Remembering the Czechoslovak Legionnaires: my great-granduncle’s story
In this special episode of Czechast, we revisit a report originally produced for Radio Prague International that tells the story of the Czechoslovak Legionnaires — soldiers who fought across Europe and deep into Siberia to secure their country’s independence. Among them was host Vít Pohanka’s great-granduncle, who fell in battle near the Ural Mountains. His fate is part of a larger story of courage, sacrifice, and nation-building that should never be forgotten.
In the main square of the town of Žďár, there is a small memorial plaque bearing the names of eleven local men who died far from home. Among them is Eduard Pohanka — my great-granduncle. For decades, my family knew only that he had been killed in action somewhere near the Ural Mountains in November 1918, after the end of World War I.
To learn more about his fate, I turned to historian Tomáš Jakl of the Czech Ministry of Defence’s Military History Institute. He explained that long before the war, as many as 100,000 Czechs and Slovaks had lived in Russia — farmers, craftsmen, teachers, and professionals. “There were even Czech music teachers and artists,” Jakl noted. “Tsar Nicholas II admired the Czech Sokol movement and introduced its physical training methods into Russian schools.”
When war broke out in 1914, many of these expatriates formed a volunteer battalion called Česká družina — the Czech Companions — to fight alongside the Russians against Austria and Germany. Initially used for propaganda and translation, they were soon sent to the front as scouts and intelligence officers.
From Zborov to the revolution
As the conflict continued, thousands of Czech soldiers who had served in the Austro-Hungarian army were captured by the Russians or deserted to join them. Many found themselves in the growing Czechoslovak units. My great-granduncle Eduard was among them — a trained machinist who became invaluable to the Russian railways and factories.

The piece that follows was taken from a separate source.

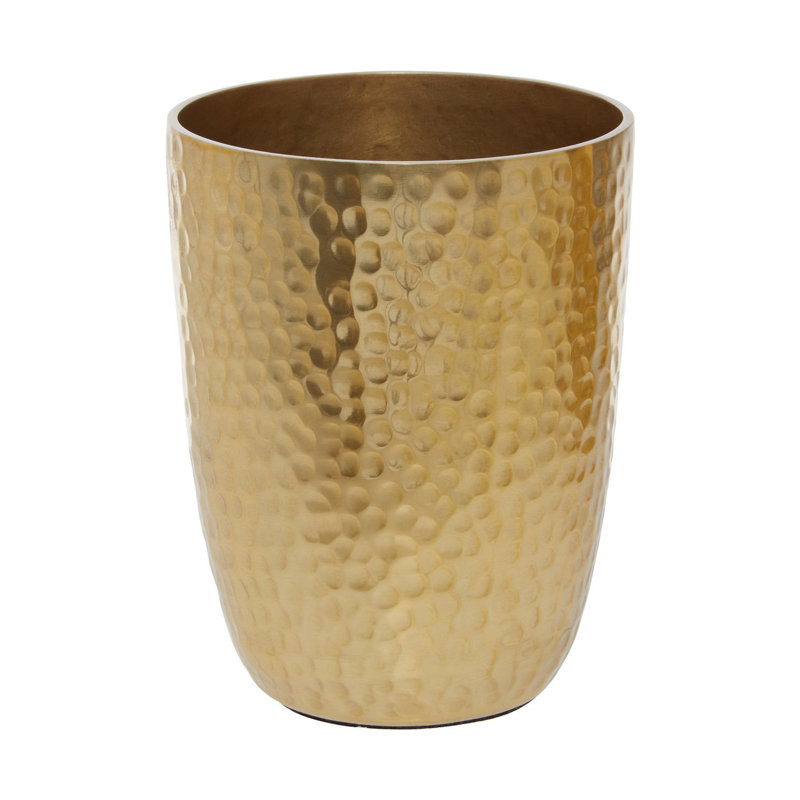 Strout Tumbler, Gold
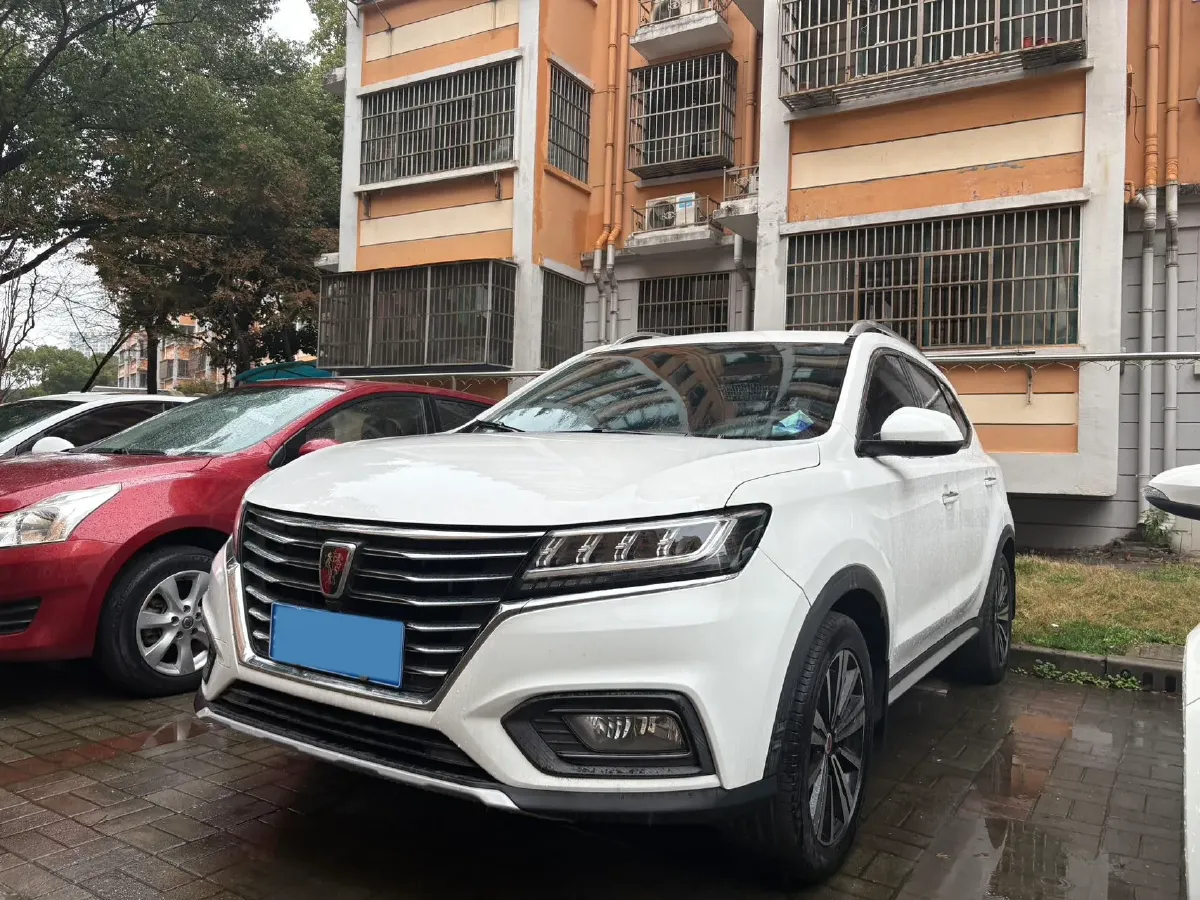 2018 Roewe RX5 1.5T 169HP L4 7DCT,autocango,china used car exporter,china ev exporter,chinese used car exporter,chinese used ev exporter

The tsarist regime’s collapse in 1917 brought turmoil. The new provisional government under Alexander Kerensky at first distrusted the Czechoslovak units, considering them remnants of the old order. But after the Battle of Zborov that July — where Czech troops captured three enemy lines while the rest of the Russian army retreated — attitudes changed. The Czechoslovak Legions expanded rapidly, becoming a disciplined force of tens of thousands.
Then came the Bolshevik Revolution. Agreements to remain neutral and travel east to Vladivostok soon broke down. “At the end of May 1918,” says Jakl, “Trotsky ordered that any Czechoslovak caught with a gun on the Trans-Siberian Railroad be shot on sight.” Local Soviet forces began attacking the legionnaires’ trains; they fought back, capturing city after city along the vast rail line. The Bolsheviks were taken completely by surprise.
The road home — and a legacy that endures
It was during these chaotic months that Eduard Pohanka fell in battle near the village of Kordon in the Ural Mountains on November 8, 1918. Documents from the Military History Institute confirm the place and date of his death. He was one of more than 4,000 legionnaires who never returned home.
The legions held the Trans-Siberian Railroad for nearly two years, controlling much of Siberia and securing the evacuation of some 70,000 Czechs and Slovaks through Vladivostok. By the spring of 1920, most had reached Europe — some via America, others through Asia and the Suez Canal to Trieste, then by train to their new country: Czechoslovakia.
Eduard Pohanka did not live to see the nation whose freedom he helped win. But like thousands of others, he left behind a proud legacy — one that lives on in the plaques, cemeteries, and family stories scattered across Czech towns and villages.
This Czechast special brings back the original Radio Prague International report that tells his story — and that of the legionnaires whose courage and sacrifice helped shape the history of modern Czechia.